Production demands visibility into code quality; otherwise, you risk economic damage to your business in the form of bugs and crashes. With this in mind, understandably, many teams hesitate to continuously deploy thorough lack of confidence in the quality of shippable code through the build process. If more visibility means more confidence, let’s take a look at the stages in a build process and how to increase visibility at each stage.
Continuous deployment will require resources and modern tooling initiated by your best people. Although budget often can be one of the biggest roadblocks to continuous deployment’s success, don’t withhold funds. Invest in the tools and people first, and the process will come. Modern tooling that is updated regularly will give you the best of what’s available, allowing you to effectively see what’s happening in each stage from source control to deployment and beyond.
You may not want your continuous deployment to be fully automatic. There are risks associated with continuous deployment, and to mitigate those risks you need a human to push the “deploy” button. It’s more about making your team feel accountable for their actions. The developer sees the change go live and is the first to test them.
Do you have key stakeholders waiting for updates on feature releases? Rush boxes might be the answer. A rush box is a server used for work that is not ready for the QA process. This will give anyone to give feedback and authorize changes.
Continuous deployment is certainly not without its risks. But, if you incorporate a culture of visibility into your processes, you can quickly identify where the gaps are so you can start to scale. Your toolkit will generate a huge amount of transactional data that will help to steer your company in the right direction.

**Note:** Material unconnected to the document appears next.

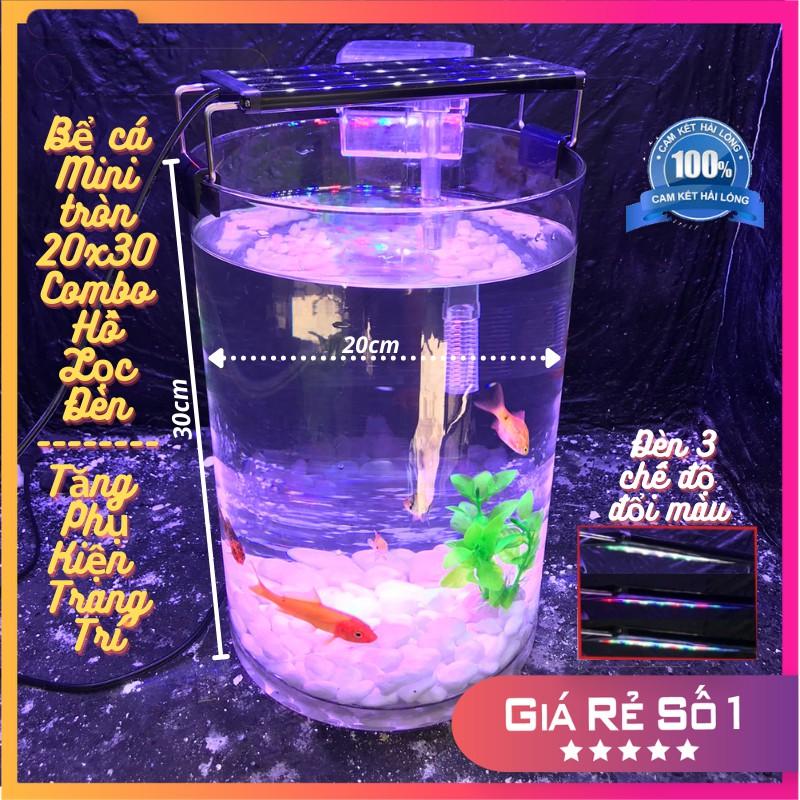 Bể cá mini để bàn tròn D20H30 COMBO Hồ Lọc Đèn kèm phụ kiện tiểu cảnh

It amazes me how many companies still push out changes and rely on the end user to tell them whether the deployment was successful. Defects in production code have economic impacts on your company, and undiscovered bugs and errors can rack up into technical debt. But, you can’t change what you can’t see. Small changes are always going into production, so time for QA and regression tests naturally lessens. Therefore, you need to know what happened, and when, which is where a monitoring tool such as crash reporting can help. I’ve written before about the benefits of monitoring in continuous deployment, and it’s an integral step that is often missing. Monitoring can also help you make informed decisions about when to rollback a deployment.
Rollbacks have an economic impact to your business, much in the way errors do. However, if a decision to roll back is data-driven, it’s an easy call for a senior developer to make.
Don’t let the lack of visibility into your deployment pipeline affect your decision to implement a continuous deployment process. Invest in people and tooling first, and the process and scale will come.